Si tratta di test che simulano un attacco per verificare l’affidabilità delle strategie di prevenzione e difesa implementate dalle aziende.

“Si parte sempre dall’identificazione delle vulnerabilità – ha spiegato Oisfi – attraverso quelli che sono chiamati penetration test oppure per mezzo di un OSINT, acronimo di Open Source INTelligence, che consiste nella ricerca di informazioni su piattaforme o fonti di pubblico accesso – per esempio i social network – per trovare dei possibili punti di accesso al sistema informatico di un’organizzazione. In linea di massima, non servono molte informazioni per capire quanto un’azienda sia vulnerabile”.
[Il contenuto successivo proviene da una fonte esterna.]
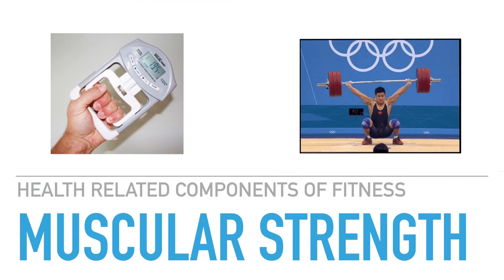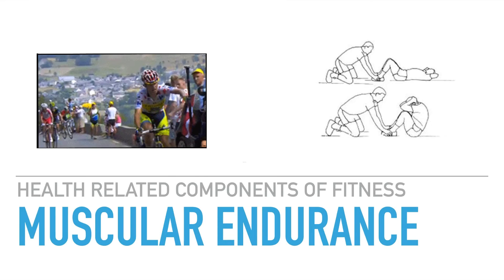To test muscular strength we use a hand grip dynamometer test. Muscular endurance is the ability of the muscles to endure physical work or activity for extended periods of time without fatigue.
Dei cinque scenari descritti, che prendevano in esame realtà di dimensioni diverse tra loro, il più semplice era quello di un’azienda con dipendenti dislocati in varie sedi nel mondo e in grado di gestire la strumentazione da remoto. Le risorse erano esposte su Internet ed è stato facile decifrare le credenziali, diventare amministratori della rete e “spegnere” l’azienda.

La difficoltà di accesso nei vari esempi descritti cresceva fino al caso di un’azienda molto grande nel settore dell’energia, molto ben protetta sia a livello virtuale che fisicamente. In questo caso, la vulnerabilità è stata rintracciata nei badge di accesso dei dipendenti, che sono stati clonati grazie a un dispositivo che poteva essere avvicinato alle tessere durante gli spostamenti in metropolitana dei dipendenti stessi.

Gli attaccanti, dotati di badge, sono quindi potuti entrare all’interno dell’azienda e agire sul sistema IT. Ben più complicato, ma per nulla impossibile.